Not even the people he really worked for knew his real identity, that was the way he liked it. He had a cover identity for any place or organization he might need from U.S. Army Criminal Investigation Division to an Ex-KGB Major-turned-Black Marketeer to an English birdwatching club in Hampshire; right now, he was Phil Provost, an investigator for Southeastern Insurance Group based in Fort Lauderdale, Florida. Currently, Phil was investigating a robbery at an art museum in Miami for SIG and he was sincerely glad that he had mastered the art of having an expression of rapt and intrigued attention despite secretly wishing that the person he was listening to would just shut up.
Because the truth was, he really didn't care how valuable the pieces that weren't taken or damaged were. Any other day, any other case he would have foisted off on another investigator and gone back to counting the time until he could get back to his real life. But this wasn't one of those days and this wasn't one of those cases, because this case was one that his real life was very interested in; security camera footage had shown the theives to be part of a group that he had been tracking for a while, now he just needed evidence to confirm it was them and not a group of copycats. If it were them, they would have left their 'calling card' behind, just like they had every time before when they had made these strange thefts, just like had been found in every safehouse they had been tracked down to only to have cleared out before it could be raided...
He wanted them. He wanted them so bad, his teeth hurt from grinding them.

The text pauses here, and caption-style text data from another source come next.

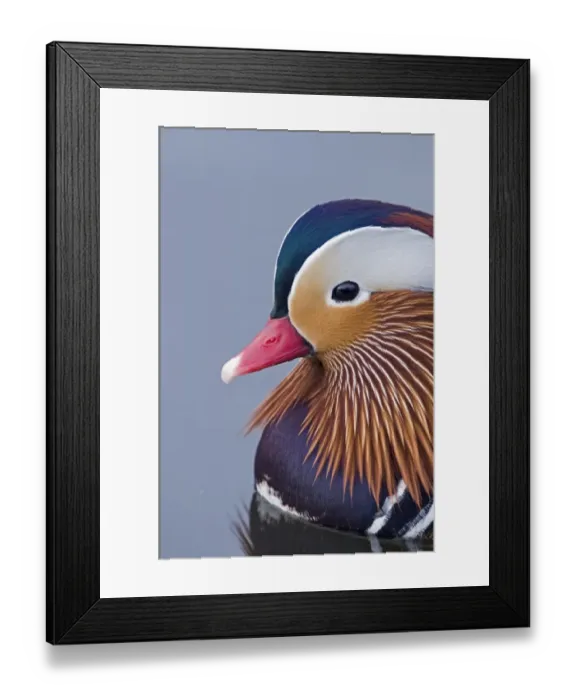 Framed Print : Mandarin Duck (Aix galericulata) introduced species, adult male, swimming, close-up of head, Norfolk, England, february Framed Print : Mandarin Duck (Aix galericulata) introduced species, adult male, swimming, close-up of head, Norfolk, England, february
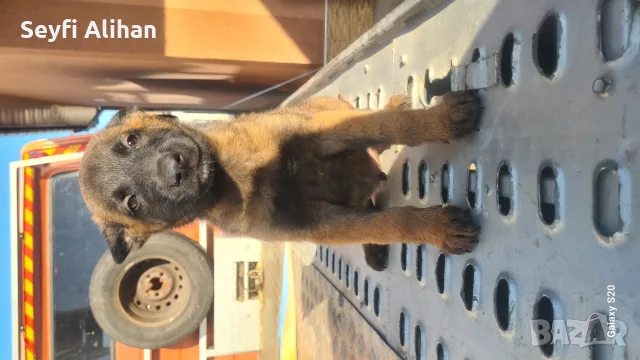 0898795662 на 50 дена мъжко 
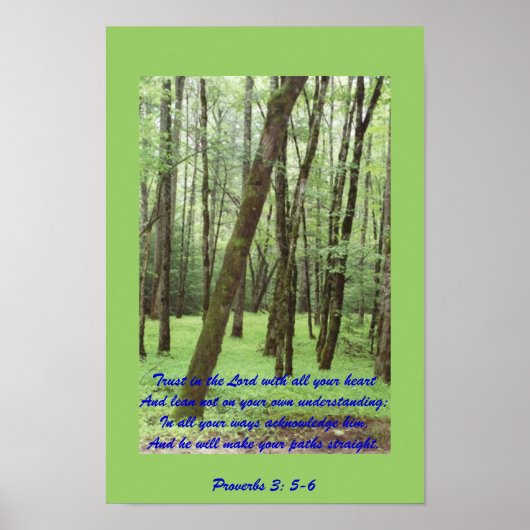 Proverbs 3: 5-6 poster met prachtige groene bomen (Voorkant)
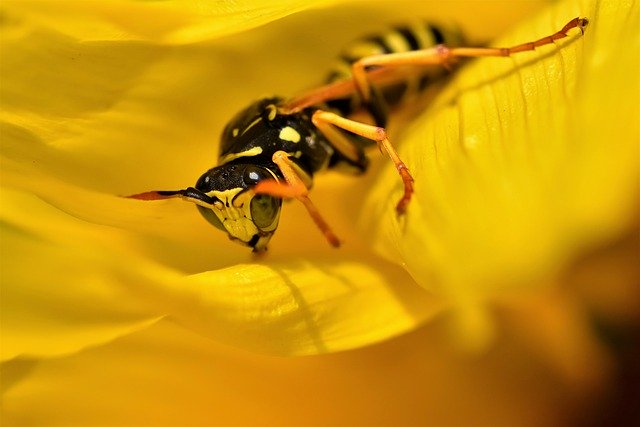 how to kill wasps with soapy water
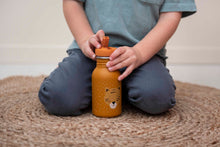 Load image into Gallery viewer, Trixie Bottle 350ml - Mr. Tiger
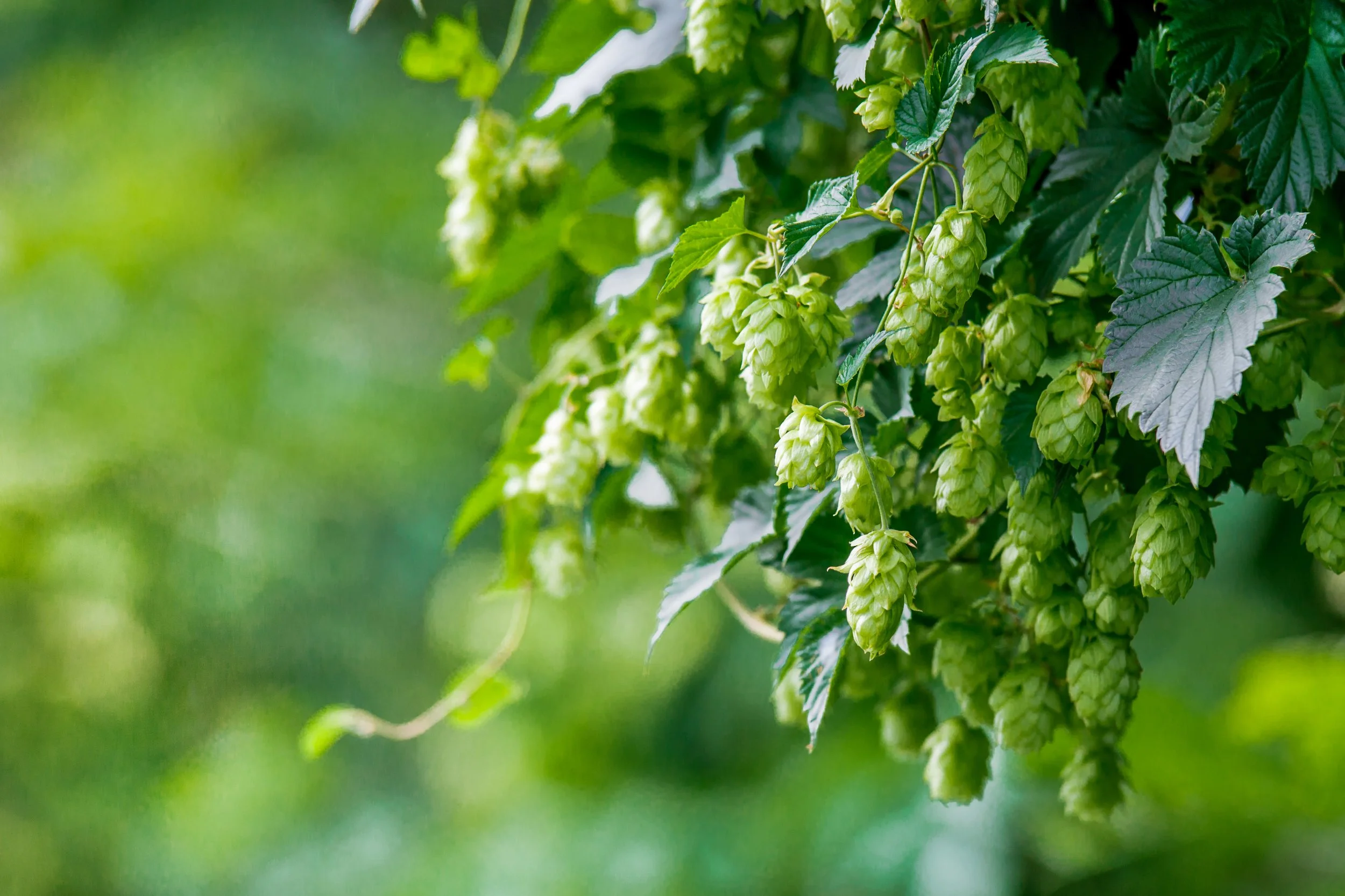 Close-up of green hop cones hanging from a vine with dark green leaves, in a bright and lush outdoor setting.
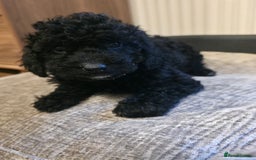 Cavapoo dogs for sale: Miniature cavapoo f1bb puppies - Image 24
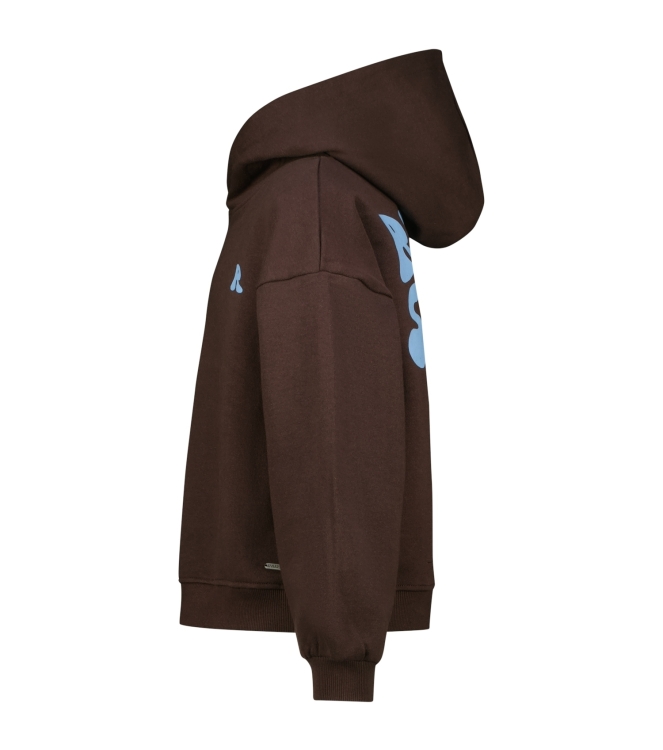 Raizzed truien & vesten 1313 Deep brown R225KG340060-1313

That want wasn't reflected in his voice as Phil blaisely asked the museum director if he could look around the scene of the thefts for a few minutes, claiming it was standard Southeastern Insurance procedure, which the bookish and balding man easily agreed to allow. As soon as the director had left him alone, Phil quickly got to work, looking in places that even an experienced law enforcement forensics team might miss, searching for that one vital clue that would confirm his suspicions. It was only a matter of minutes before he noticed a glint of light reflecting off a piece of metal where none should have been, almost un-noticible unless an observer had a clue what to look for. This was why he was here. Glancing around to make sure he was alone, Phil pulled a small magnet on an extendable wand out from his pocket, the same kind easily found at automotive and hardware stores, and slid it into the thin gap between the plinth of a statue and the wall it stood next to, a gap formed by the fact that the baseboard molding along the wall kept the plinth from being pushed flush against it. A sharp clicking sound told him that the magnet had hold of what he was looking for and Phil pulled it out, collapsing the magnet's wand as he did so. Pulling a small metal disc the size of a fifty-cent piece off the end of the magnet, he replaced the tool in his pocket and moved away from the statue into the center of the room. Under the natural light let in by the room's glass ceiling, Phil looked up the metal disc, turning it over in his hand as he studied at the symbol on it. After a moment, with his free hand he pulled out a cell phone and pressed a speed dial button, still looking at the disc.
"Clay, it's Phil... Overcast up there? Okay. Bad news... yeah, it's them... whoever 'they' are."
Pressing end, Phil slipped both phone and disc into his pocket.
Now it was time to really go to work.